やがて中国が直面する「国際的代償」、南シナ海の紛争に国際裁判所が手続き
裁判自体を否定する中国だが、不利益な裁定が出れば外交上の重荷に
12月2日、一部の外交関係者らによれば、南シナ海における領有権問題に関してフィリピンが中国を相手取って起こした仲裁手続きについて、常設仲裁裁判所が最終的にフィリピンに有利な裁定を下せば、中国は外交・司法面での強い圧力にさらされる可能性がある。写真は、中国が人工島を建設している南シナ海スプラトリー諸島のミスチーフ礁。5月代表撮影(2015年 ロイター)
常設仲裁裁判所(オランダ、ハーグ)は10月末、南シナ海における領有権問題に関してフィリピンが中国を相手取って起こした仲裁手続きについて、同裁判所に管轄権があるとの判断を示した。

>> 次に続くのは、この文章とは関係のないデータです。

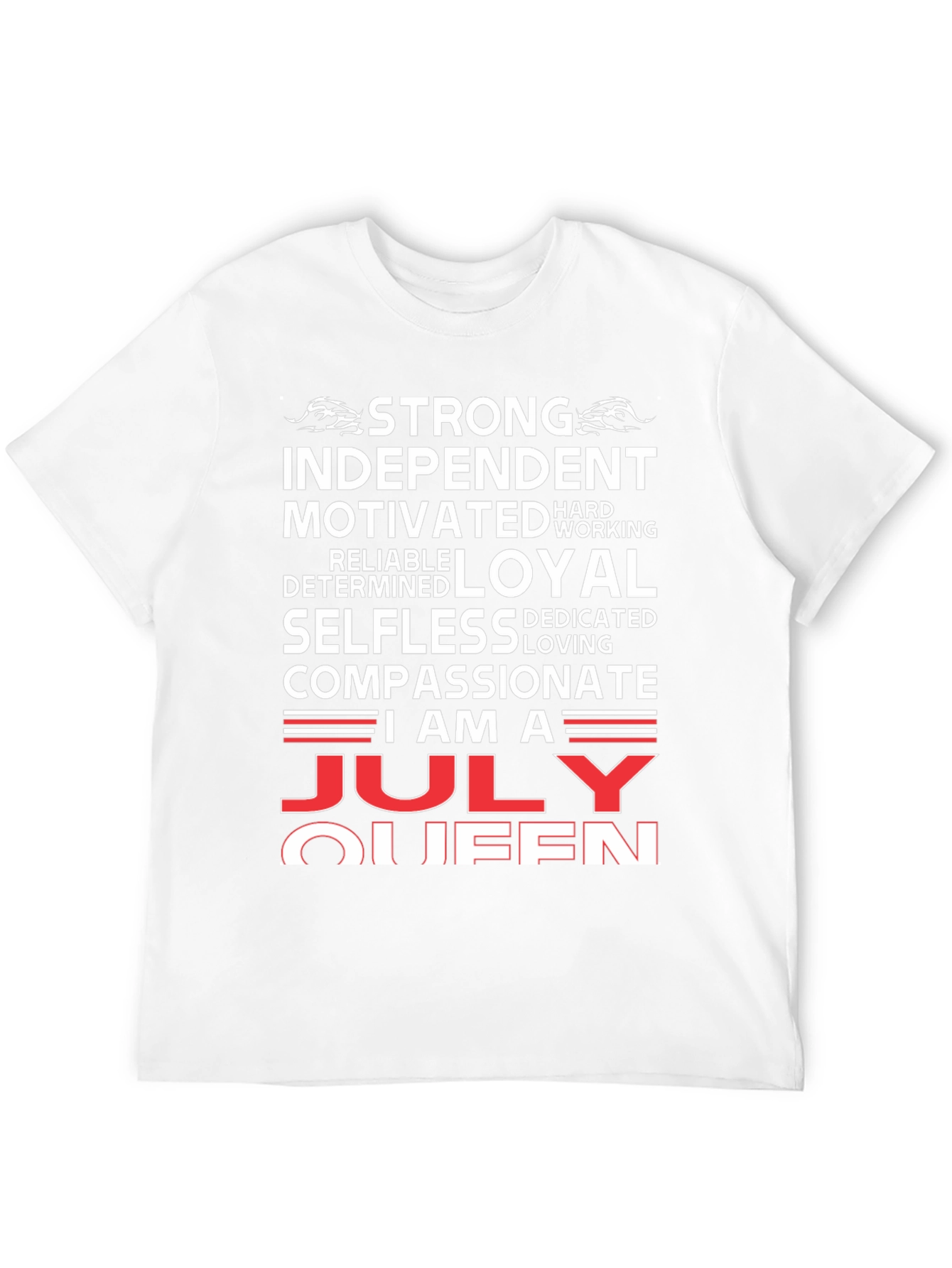 July Queen Graphic T-Shirt - Strong Independent Woman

このとき中国政府は「何ももたらさない」としてこの判断を受け入れていない。
こうした中国の主張には、フィリピン当局者だけでなく、一部の外交関係者および専門家も賛同しておらず、常設仲裁裁判所が最終的にフィリピン政府に有利な裁定を下せば、中国は外交・司法面での強い圧力にさらされる可能性があると述べている。
司法専門家によれば、管轄権をめぐる審理における中国側の主張に対して同裁判所が詳細に反駁(はんばく)していることから、フィリピン政府が勝利を収める可能性はかなり大きいという。最終的な裁定は2016年半ばに予定されている。

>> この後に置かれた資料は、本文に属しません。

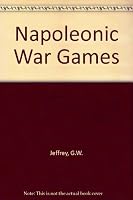 The Napoleonic wargame 0855241942 Book Cover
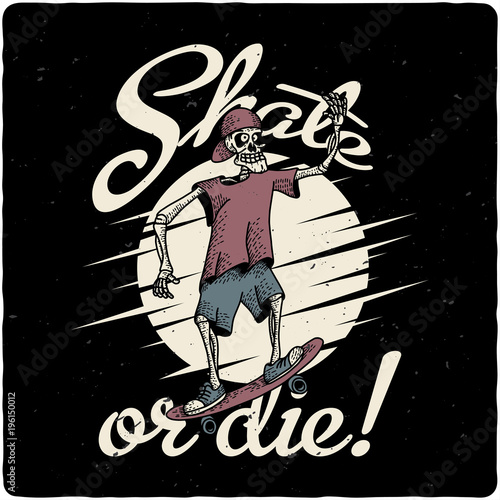 T-shirt or poster design with illustraion of skeleton on skateboard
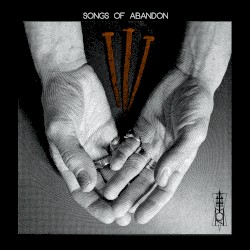 Songs of Abandon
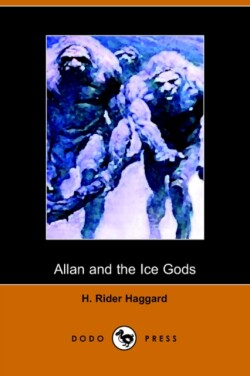 Allan and the Ice Gods (Dodo Press)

外交関係者・専門家によれば、こうした裁定が下れば、特に地域的な会合の場において中国の重荷になるという。南シナ海の紛争に国際裁判所が初めて介入することになり、中国政府としても無視しにくくなるからだ。
フィリピン政府が2013年に常設仲裁裁判所に申し立てを行ったときにはほとんど注目を集めず、その後ももっぱら、航路をめぐって展開される緊張の添え物のような扱いを受けていたが、一部のアジア・西側諸国が仲裁裁判所によるプロセスに対して表明する支持は強まりつつある。
ある専門家は、もし主要な論点について中国に不利な裁定が下されれば、2国間会合や国際的なフォーラムにおいて、西側諸国が中国政府に対する圧力を維持する協調的な立場を取るようになることが予想される、と指摘する。
「他国は中国政府を批判するための材料として裁定を利用するだろう。だから中国はこの問題でひどく動揺している」と語るのは、東南アジア研究所(シンガポール)の南シナ海専門家、イアン・ストーリー氏。
ワシントンの戦略国際問題研究所の安全保障専門家ボニー・グレーザー氏も「ここに都合の悪い真実がある。中国側は、(仲裁裁判所による裁定を)無視し、拒絶することなど簡単だという素振りを見せてきた。しかし実際には、彼らは国際的な代償を払わざるをえなくなると思う」との見方を示した。
提訴は「無意味」と中国は主張
フィリピン政府は、国連海洋法条約(UNCLOS)で認められた200カイリの排他的経済水域(EEZ)に含まれる南シナ海で開発を行う権利に関する裁定を求めている。